Pożar magazynów ze środkami chemicznymi w Poznaniu
Nawet do niedzielnego poranka może potrwać dogaszanie pożaru magazynów z artykułami drogeryjnymi, który wybuchł przed południem w Poznaniu. Spalił się budynek wraz z wyposażeniem. Straty nie są jeszcze znane.
02.08.2008 | aktual.: 02.08.2008 20:26
Jak powiedział oficer dyżurny poznańskiej straży pożarnej, strażacy gasili pożar o powierzchni blisko 11 tys mkw. Część dachu hali uległa zawaleniu. Wewnątrz znajdowały się artykuły drogeryjne, kosmetyki i kleje.

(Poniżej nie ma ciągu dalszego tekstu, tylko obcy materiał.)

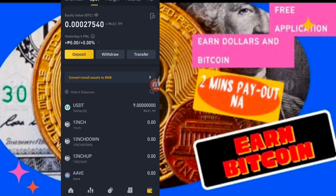So hopefully meron kayong natutunan ngayon. For today's video, next naman is tuturo ko po sa inyo kung paano natin mag-buy and sell, at paano tayo kumita ng extra income dito sa Binance. So thank you so much, God bless you. See you in the next video.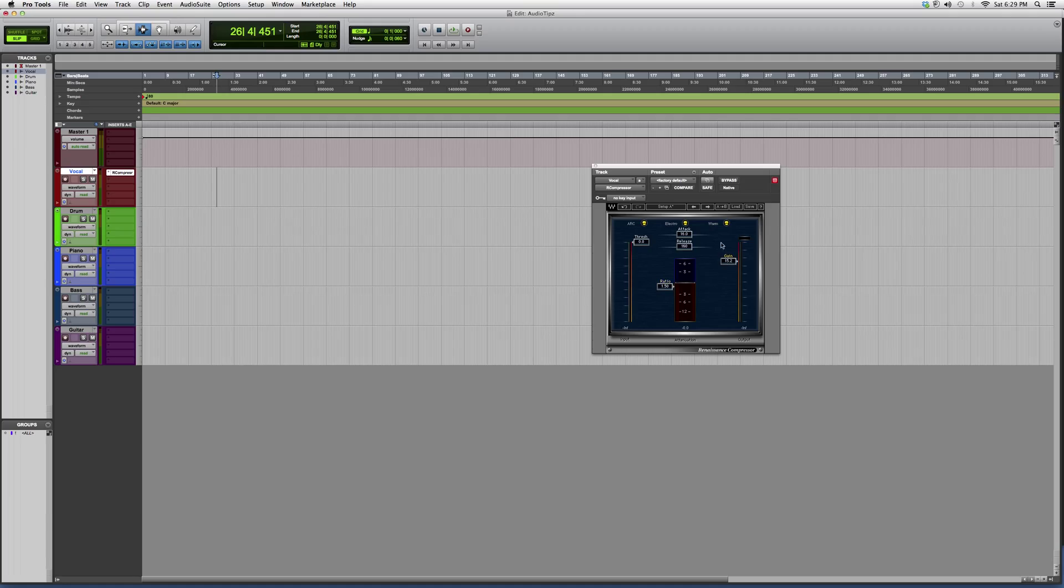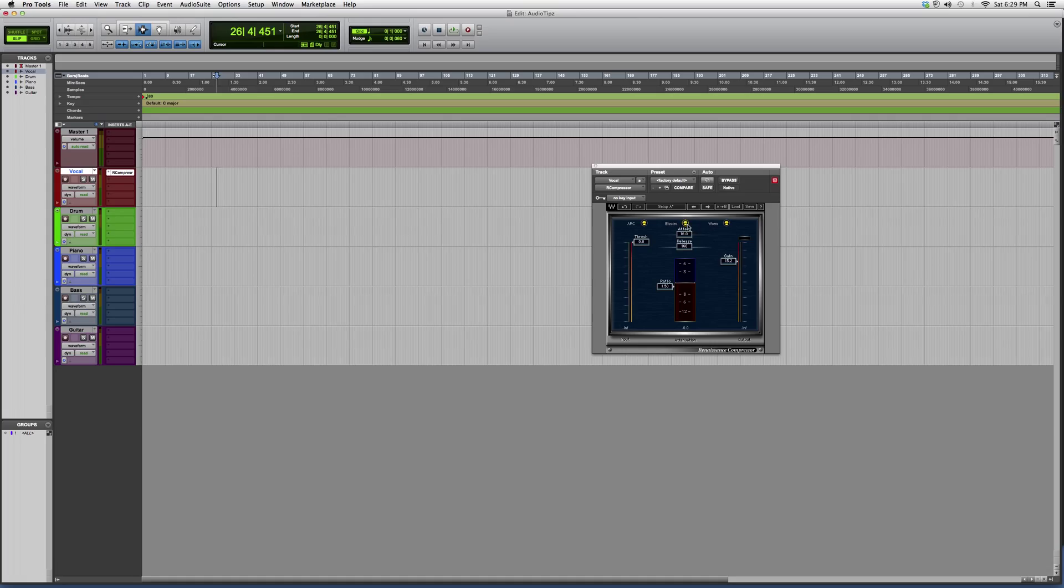You also got your gain. You can switch warm to smooth up here, electro to opto up here, ARC to manual. Let's just keep it on ARC. This doesn't really matter up here if you want a warm sound or a smooth sound—warm and smooth are kind of cousins, so it doesn't really matter.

Przez wiele godzin nad wschodnią częścią miasta unosiły się kłęby dymu, wyczuwalny też był zapach palących się towarów przechowywanych w budynku.
__W okolicy pożaru nie było zagrożenia zatruciem, stężenie substancji niebezpiecznych nie było duże i zdaniem straży pożarnej nie było konieczności ewakuowania osób z okolicznych budynków. Mimo to dyrekcja pobliskiego ośrodka opiekuńczo -leczniczego rozpoczęła ewakuację osób przebywających w obiekcie,/i> - powiedział oficer dyżurny poznańskiej straży pożarnej.

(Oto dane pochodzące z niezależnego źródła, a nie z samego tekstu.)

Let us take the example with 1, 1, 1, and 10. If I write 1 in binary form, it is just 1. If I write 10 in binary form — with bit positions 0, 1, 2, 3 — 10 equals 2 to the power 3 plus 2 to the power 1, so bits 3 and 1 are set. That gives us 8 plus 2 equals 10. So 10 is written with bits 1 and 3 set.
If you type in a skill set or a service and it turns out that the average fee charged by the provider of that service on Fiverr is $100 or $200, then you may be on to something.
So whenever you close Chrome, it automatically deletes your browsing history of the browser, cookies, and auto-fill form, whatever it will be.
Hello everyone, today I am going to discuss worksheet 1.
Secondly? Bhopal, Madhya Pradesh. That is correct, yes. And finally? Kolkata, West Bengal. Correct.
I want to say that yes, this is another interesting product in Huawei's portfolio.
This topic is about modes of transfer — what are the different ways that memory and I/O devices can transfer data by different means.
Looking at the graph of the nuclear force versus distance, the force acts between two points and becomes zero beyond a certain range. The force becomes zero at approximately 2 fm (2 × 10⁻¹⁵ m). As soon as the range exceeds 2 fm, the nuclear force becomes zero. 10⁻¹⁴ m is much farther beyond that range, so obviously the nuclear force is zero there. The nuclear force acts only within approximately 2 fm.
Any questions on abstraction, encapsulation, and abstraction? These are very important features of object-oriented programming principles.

Akcję ewakuacyjną rozpoczęto, lecz wkrótce potem, w związku z niewielkim zagrożeniem przerwano.
Na razie nieznane są przyczyny wybuchu pożaru, nieznana jest też wysokość strat spowodowanych przez płomienie. Przyczyny ustalać będzie specjalna komisja.
Ogień gasiło w sumie 28 jednostek straży pożarnej.